Dewan Soroti Mahalnya Biaya Sekolah Swasta

Kalangan anggota DPRD Bali menyoroti mahalnya biaya pendidikan di sekolah swasta. Mahalnya biaya pendidikan tersebut dituding memanfaatkan kesempatan di balik kisruhnya penerimaan peserta didik baru (PPDB). Ketua Komisi IV DPRD Bali yang antara lain membidangi pendidikan, Nyoman Parta menuding sekolah swasta yang memanfaatkan kesempatan untuk murni kepentingan bisnis. Indikatornya, mereka memasang uang SPP dan uang gedung kelewat mahal untuk siswa baru. Kondisi ini yang menyebabkan orang yang sesungguhnya tidak memasalahkan sekolah di swasta, jadi berpikir ulang dan ikut berebut masuk sekolah negeri. Pendidikan merupakan urusan wajib, bukan seperti bisnis jual beli saham yang menjadi tanggung jawab pribadi. Ini urusan pendidikan, urusan pembangunan generasi, ujar Nyoman Parta. Ketua Komisi IV DPRD Bali. Mengingat pendidikan bersifat wajib, Parta minta pemerintah hadir untuk mengoordinir sekolah swasta agar tidak semaunya. Kalau dibiarkan, kondisi itu akan menjelma menjadi hukum pasar, dimana kian tinggi permintaan, makaharga kan terus naik. Kalau begitu kan bukan urusan pendidikan namanya. Itu urusan pemerintah, Negara hadir disana.

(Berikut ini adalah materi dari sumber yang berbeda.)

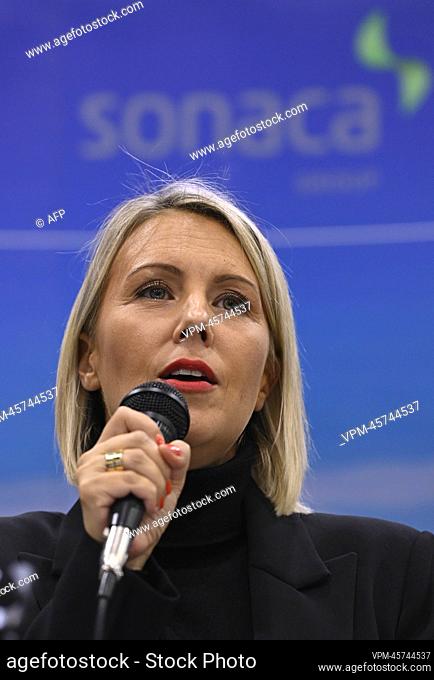 Defence minister Ludivine Dedonder pictured during the presentation of aerospace company Sonaca's European pilot project for the design of the first hyper sonic...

Ditanya bentuk kehadiran Negara mengekang nafsu ekonomi sekolah swasta, Parta menyebut membuat regulasi adalah salah satunya. Pemerintah bisa menilai seberapa pantas dan patut swasta memungut uang SPP. Dia mengakui selama ini pemerintah kurang melakukan pengawasan, dan sekarang terasa sekali urusannya ketika SPP terlalu tinggi. Pemerintah dinilai abai dalam mengordinir sekolah swasta mandiri, apalagi yang tidak mengambil dana bantuan oprasional sekolah (BOS). Dengan mereka tidak menerima BOS, seolah-olah tanggung jawab pemerintah jadi tidak ada. Padahal ini urasan pendidikan Bali. pemerintah harus lebih perhatian dengan sekolah swasta, dalam artian mengatur tata kelola, sebatas mana memugut biaya. Di satu sisi, kita semua ingin swasta dapat siswa karena ada guru disana, ada tenaga administrasi, yang perlu pekerjaan, tidak mungkin dicabut izinnya dan tiba tiba PHK. Di sisi lain ada swasta nakal memanfaatkan kekisruhan PPDB ini untuk mengeruk laba. Masa daya tampung 380 orang, tapi merekrut 780? Seperti apa itu pelaksaannya (belajar)? Ya, regulasi itu termasuk perizinan salah satunya.

Informasi yang dihimpun di lapangan, salah satu sekolah favorit di Denpasar Utara (Denut), misalnya, untuk pendaftaran masuk SMP saja, setiap siswa dipungut bayaran puluhan juta rupiah, sedangkan SPP tiap bulan Rp 6 juta. Juga di Denpasar Timur, ada sekolah swasta yang digandrungi anak – anak bule juga membayar nyaris sama dengan sekolah swasta di Denpasar Utara tesebut. Kondisi seperti ini, tentu saja sangat memberatkan orangtua, karena sekolah menengah justru lebih mahal ketimbang kuliah yang rata – rata hanya membayar Rp 5 Juta/Semester. Yang lebih mengherankan, di wilayah Dentim nyaris tidak ada SMP Negeri maupun SMA Negeri. Jika siswa disana tidak masuk zona, kemana mereka bakal sekolah? Alih – alih ingin sekolah lebih lebih dekat dan murah, malah dapat sekolah jauh dan mahal.